ACTIVITY = What are the lines below, starting at the line containing "反派崽崽重生夫，穿书后妈苟住了（80集）张子尧＆姜恺琳 (2025)-米创网" and ending at the line containing "Agenslot77 live game"? Write them out exactly, ends included, without pictures.

INFORMATION SUPPLIED =
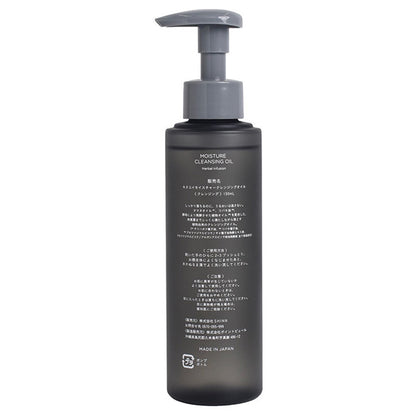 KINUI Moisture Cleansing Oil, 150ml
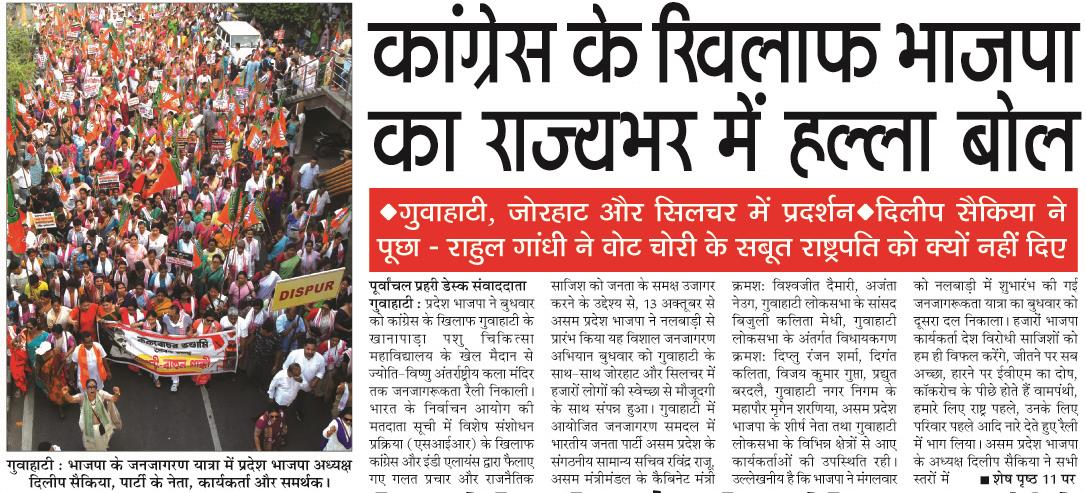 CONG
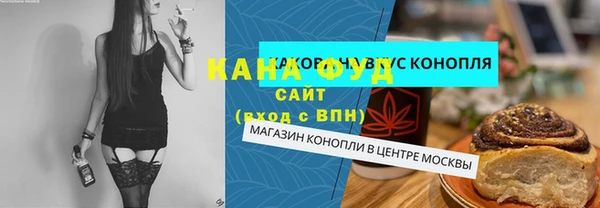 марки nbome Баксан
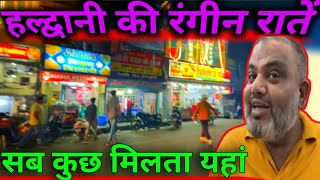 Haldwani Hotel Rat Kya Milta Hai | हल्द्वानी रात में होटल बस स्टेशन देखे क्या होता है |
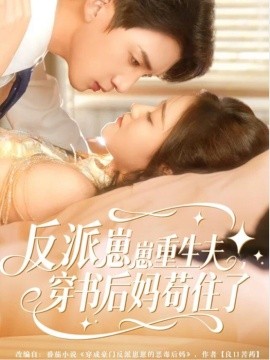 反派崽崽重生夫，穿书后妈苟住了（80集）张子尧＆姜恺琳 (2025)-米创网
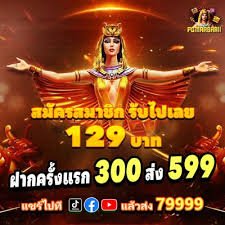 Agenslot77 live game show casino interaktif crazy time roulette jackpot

...

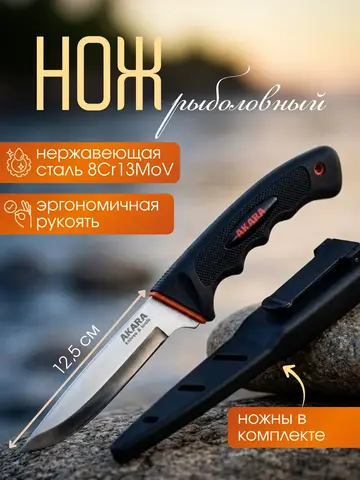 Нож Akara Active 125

ANSWER TO THIS PROBLEM =
 反派崽崽重生夫，穿书后妈苟住了（80集）张子尧＆姜恺琳 (2025)-米创网
 Agenslot77 live game show casino interaktif crazy time roulette jackpot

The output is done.